Energy and system-size dependence of the Chiral Magnetic Effect

TL;DR

This paper investigates how the Chiral Magnetic Effect varies with collision energy and system size in heavy-ion collisions, predicting a significant weakening at LHC energies and a sharp disappearance above SPS energies, emphasizing the need for targeted experiments.

Contribution

It introduces a phenomenological model for energy dependence of the CME and highlights the importance of new experiments at LHC and low-energy RHIC scans to explore this effect.

Findings

CME expected to be ~20 times weaker at LHC than at RHIC.

CME should sharply vanish above SPS energy levels.

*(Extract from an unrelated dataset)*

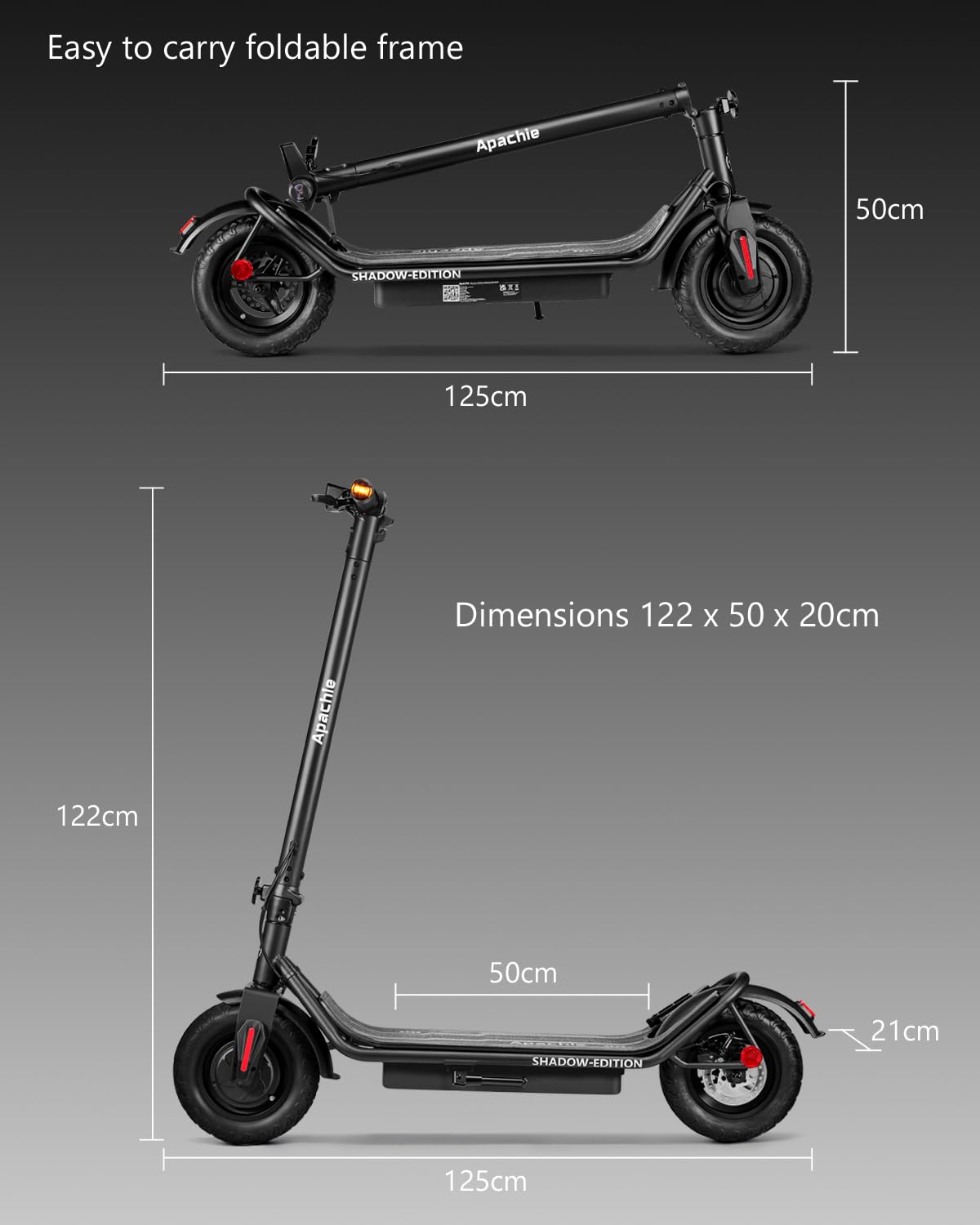 Apachie Shadow Edition Adults Electric Scooter, 500W Motor, 10.5 inch Wheels, E-Scooter, 12.5AH Lithium Battery, 3 Speed Modes, 45km Long Range, Dual Braking System, APP Control, Bluetooth …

The HSD transport model with electromagnetic fields aids in understanding CME backgrounds.

Abstract

The energy dependence of the local ${\cal P}$ and ${\cal CP}$ violation in Au+Au and Cu+Cu collisions in a large energy range is estimated within a simple phenomenological model. It is expected that at LHC the chiral magnetic effect will be about 20 times weaker than at RHIC. At lower energy range, covered by the low-energy scan at RHIC and future NICA/FAIR facilities, the created magnetic field strength and energy density of deconfined matter are rather high providing necessary conditions for the chiral magnetic effect. However, the particular model for the chiral magnetic effect predicts that this effect should vanish sharply at energy somewhere above the top SPS one. To elucidate CME background effects the Hadron-String-Dynamics (HSD) transport model including electromagnetic fields is put forward. Importance of new planning experiments at LHC and for the low-energy RHIC scan program is emphasized.